Opóźnienie? Połączyć etapy i pokazać jako sukces
Pod koniec czerwca stołeczny ratusz ogłosił "zmiany" - zamiast dwóch etapów budowy - będzie jeden, a metro zostanie zbudowane od razu w całości - do stacji końcowych. Tak przekazują to władze miasta. Dzieci urodzone w roku objęcia władzy przez Hannę Gronkiewicz-Waltz z Bemowa na Bródno przejadą metrem, gdy będą mieć lat szesnaście. Zakładając optymistycznie, że obietnice wyborcze znajdą się niespodziewanie w kategorii spełnionych. A czym różni się to od poprzedniej koncepcji? W zasadzie niczym oprócz tego, że metro będzie później, niż pierwotnie zakładano, a trasa na Bemowie ma być o jedną stację krótsza.
Nie będzie wariantu 3+3, czyli po trzy stacje na Bemowo i Targówek w pierwszym etapie (jak zapowiadano jeszcze w 2011 roku; wtedy te stacje miały być gotowe w 2016) ma być "od razu" jedenaście stacji: pięć w kierunku Bemowa, reszta - na Bródno. Pierwsze trzy w każdą stronę (w nowej propagandzie ratusza nie nazywa się tego jednak 3+3) mają być gotowe w ciągu czterech lat (w 2018 r. - dwa lata później niż pierwotnie planowano), w kolejne cztery lata - pozostałe. Wszystko dzięki perspektywie finansowej UE, z której Warszawa ma zamiar dostać 25 miliardów złotych (11,6 mld trafi na rozwój komunikacji). Skąd pewność, że dostanie? Wynika ona z terminu zbliżających się wyborów?

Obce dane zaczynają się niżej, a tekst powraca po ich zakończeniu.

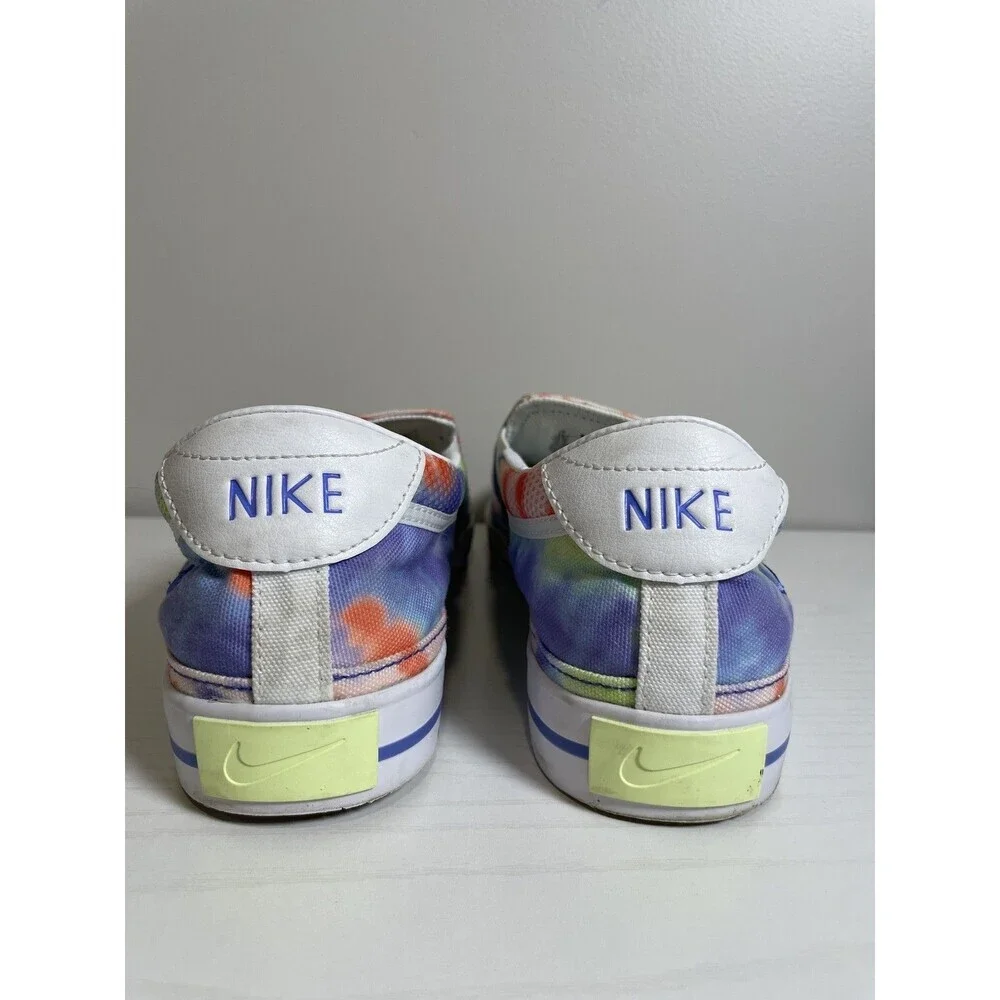 Nike Women's Size 11 Court Legacy CZ1752-900 Multicolor Tie Dye Slip On Sneakers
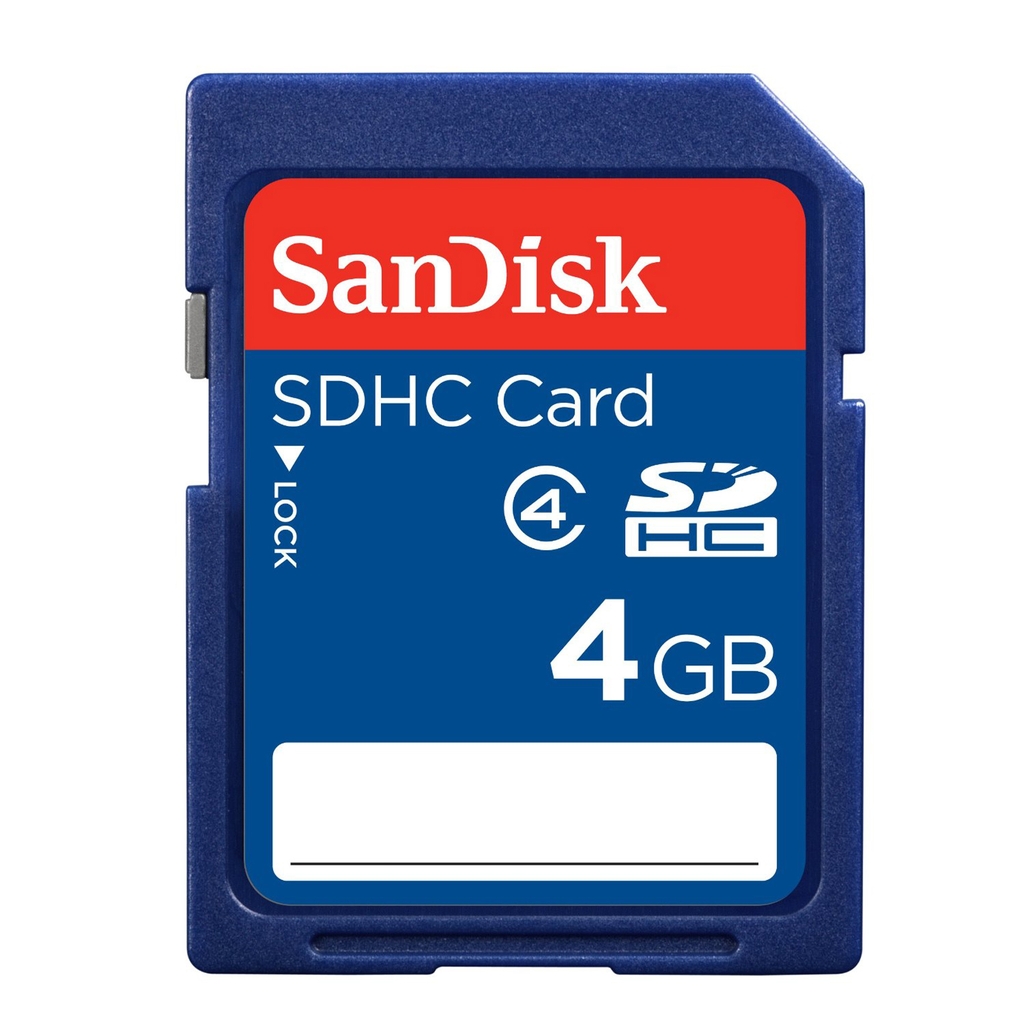 Thẻ nhớ Sandisk SDHC 4GB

Oprócz stacji Szwedzka, Targówek 1 i 2 mają w dalszej kolejności powstawać przystanki Zacisze, Kondratowicza i Rembielińska, które oddane do użytku będą w 2022 roku (też dwa lata później niż pierwotnie zakładano zakończenie trzeciego etapu). W stronę Bemowa do 2022 powstaną stacje Wola Park i Powstańców Śląskich, cztery lata wcześniej - Wolska, Moczydło i Księcia Janusza. Pierwotnie metro miało jechać o jedną stację dalej - na Chrzanów.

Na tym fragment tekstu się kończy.